At some points in his essay, Carroll’s described far right sounds much more radical than even the rank-and-file dissident right you see online, who are already far to the right of mainstream MAGA. He states at one point “the Far Right claims that only white men have the discipline, intelligence, and foresight to realize this [utopian] future.” If believing this is a prerequisite for admission to the far right, then ‘far right’ means a distinctly Hitlerian position more extreme on race than even Steve Sailer. It's fine to define it this way, but one must realize it probably describes a vanishingly small percentage of the American electorate, and certainly not the belief system of the Trump base or tech libertarians.
Here is the simplest explanation of where Carroll stumbles. He has created a huge-tent definition of 'reactionary’ and a highly extreme definition of ‘far-right,’ then put them in a blender and poured out the concoction as a soup of strange creatures he collectively references as ‘the right.’ Funny enough, this is exactly how most progressive journal editors and media executives see the situation, too. They are also priests on the wall. To them, there's a huge landscape of misshapen ideological monsters, a small progressive fortress of naïve liberals, and a stalwart guard of artsy anticapitalists manning the perimeter defenses.
You don't have to be conservative-aligned to be ejected from the castle into the wasteland.

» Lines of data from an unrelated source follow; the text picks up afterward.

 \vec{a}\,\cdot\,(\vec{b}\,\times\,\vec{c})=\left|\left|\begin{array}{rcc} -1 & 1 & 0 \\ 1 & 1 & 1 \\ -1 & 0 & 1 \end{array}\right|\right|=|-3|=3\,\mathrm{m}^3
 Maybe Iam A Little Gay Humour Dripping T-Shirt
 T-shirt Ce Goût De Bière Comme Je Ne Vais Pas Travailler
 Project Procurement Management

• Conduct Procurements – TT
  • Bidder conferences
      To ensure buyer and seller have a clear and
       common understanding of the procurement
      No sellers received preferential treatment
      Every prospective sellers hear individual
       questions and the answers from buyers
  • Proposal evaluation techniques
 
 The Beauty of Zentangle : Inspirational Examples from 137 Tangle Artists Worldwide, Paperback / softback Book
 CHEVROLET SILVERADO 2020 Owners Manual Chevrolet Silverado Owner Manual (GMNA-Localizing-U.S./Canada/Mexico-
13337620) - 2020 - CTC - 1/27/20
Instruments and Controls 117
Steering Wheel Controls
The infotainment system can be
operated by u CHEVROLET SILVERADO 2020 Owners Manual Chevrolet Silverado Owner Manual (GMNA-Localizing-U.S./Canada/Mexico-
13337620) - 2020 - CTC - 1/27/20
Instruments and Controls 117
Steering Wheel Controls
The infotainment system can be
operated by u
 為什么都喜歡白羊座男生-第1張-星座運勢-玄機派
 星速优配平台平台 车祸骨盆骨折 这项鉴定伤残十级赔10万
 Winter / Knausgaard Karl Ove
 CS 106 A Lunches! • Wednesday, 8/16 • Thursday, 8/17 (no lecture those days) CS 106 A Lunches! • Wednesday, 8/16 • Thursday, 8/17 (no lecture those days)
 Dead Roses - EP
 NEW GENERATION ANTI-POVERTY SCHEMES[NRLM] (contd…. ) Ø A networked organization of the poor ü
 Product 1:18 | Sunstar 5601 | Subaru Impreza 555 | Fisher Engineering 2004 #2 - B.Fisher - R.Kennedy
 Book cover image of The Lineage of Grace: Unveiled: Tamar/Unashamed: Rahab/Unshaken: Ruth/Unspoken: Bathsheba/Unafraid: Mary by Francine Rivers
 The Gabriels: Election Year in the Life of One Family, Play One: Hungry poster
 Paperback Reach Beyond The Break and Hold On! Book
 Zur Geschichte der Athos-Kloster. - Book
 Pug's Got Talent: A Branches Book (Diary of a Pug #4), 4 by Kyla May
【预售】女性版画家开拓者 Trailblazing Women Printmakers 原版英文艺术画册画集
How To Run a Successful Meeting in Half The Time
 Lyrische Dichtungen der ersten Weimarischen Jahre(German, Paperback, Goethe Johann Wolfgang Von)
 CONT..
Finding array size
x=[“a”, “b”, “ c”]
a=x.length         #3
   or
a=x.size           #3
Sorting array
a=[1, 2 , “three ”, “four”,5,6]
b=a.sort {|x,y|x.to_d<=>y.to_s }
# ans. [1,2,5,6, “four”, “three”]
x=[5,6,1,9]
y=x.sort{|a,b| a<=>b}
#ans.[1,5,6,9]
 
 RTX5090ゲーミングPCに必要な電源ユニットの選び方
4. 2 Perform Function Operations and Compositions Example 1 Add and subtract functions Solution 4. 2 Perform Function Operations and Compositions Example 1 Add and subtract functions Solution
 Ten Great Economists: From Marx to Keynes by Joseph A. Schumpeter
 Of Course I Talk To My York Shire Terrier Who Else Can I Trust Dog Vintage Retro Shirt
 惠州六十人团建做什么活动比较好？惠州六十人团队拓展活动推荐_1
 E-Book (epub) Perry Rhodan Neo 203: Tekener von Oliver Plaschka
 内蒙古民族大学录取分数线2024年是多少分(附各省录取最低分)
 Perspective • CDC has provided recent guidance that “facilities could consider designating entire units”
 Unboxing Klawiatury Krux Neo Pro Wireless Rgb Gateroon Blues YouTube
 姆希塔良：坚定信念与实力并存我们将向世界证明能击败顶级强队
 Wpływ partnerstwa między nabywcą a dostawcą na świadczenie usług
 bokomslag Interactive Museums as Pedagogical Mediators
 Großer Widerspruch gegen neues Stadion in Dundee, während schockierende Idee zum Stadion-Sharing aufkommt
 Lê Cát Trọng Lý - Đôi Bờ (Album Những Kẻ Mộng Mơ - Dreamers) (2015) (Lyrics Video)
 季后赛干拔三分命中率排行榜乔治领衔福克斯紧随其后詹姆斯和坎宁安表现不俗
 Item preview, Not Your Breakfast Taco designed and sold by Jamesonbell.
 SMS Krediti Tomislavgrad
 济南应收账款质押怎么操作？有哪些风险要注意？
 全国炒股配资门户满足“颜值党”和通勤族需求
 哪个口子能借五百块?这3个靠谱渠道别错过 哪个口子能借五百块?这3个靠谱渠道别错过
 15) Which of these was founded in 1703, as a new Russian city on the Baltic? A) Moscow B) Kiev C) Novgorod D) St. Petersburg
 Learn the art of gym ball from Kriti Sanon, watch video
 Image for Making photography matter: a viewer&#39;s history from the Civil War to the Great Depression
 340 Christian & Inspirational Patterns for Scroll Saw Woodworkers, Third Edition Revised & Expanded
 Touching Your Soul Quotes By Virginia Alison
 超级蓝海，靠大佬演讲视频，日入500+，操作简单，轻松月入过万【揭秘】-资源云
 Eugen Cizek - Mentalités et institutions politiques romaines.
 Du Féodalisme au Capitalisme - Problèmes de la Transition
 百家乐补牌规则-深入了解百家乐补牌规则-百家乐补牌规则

A figure who is essentially a progressive in all ways but one can still be tossed for that single axis of transgression. Kind of like the one-drop rule, Carroll and his type have built themselves a minoritarian purity test where defection puts you out among the rabble. I suspect, in a way, this mental frame is an ingroup policing tool gone awry. It works wonders for enforcing consensus if you respect the priests and you really don't want to get kicked out of the castle into monsterland. It doesn't work so well if people aren't scared to walk out the gate.
Perhaps people should be scared. Monsters, even hopeful ones, can eat you alive on a bad day. The zone outside polite consensus is full of dangerous idea-fauna, and I've seen at least two of my bright young friends get got. Maybe one day a new priest-guard will take watch on the liberal wall and allow a little room inside the gates for once-ejected idealists, keeping the vicious types at bay. For now, though, that doesn't seem likely. Carroll and his ilk are set in their ways, holding strong in the ivory tower, if not the White House. We’ll see how long people like him can keep ownership of the machine of arts and letters.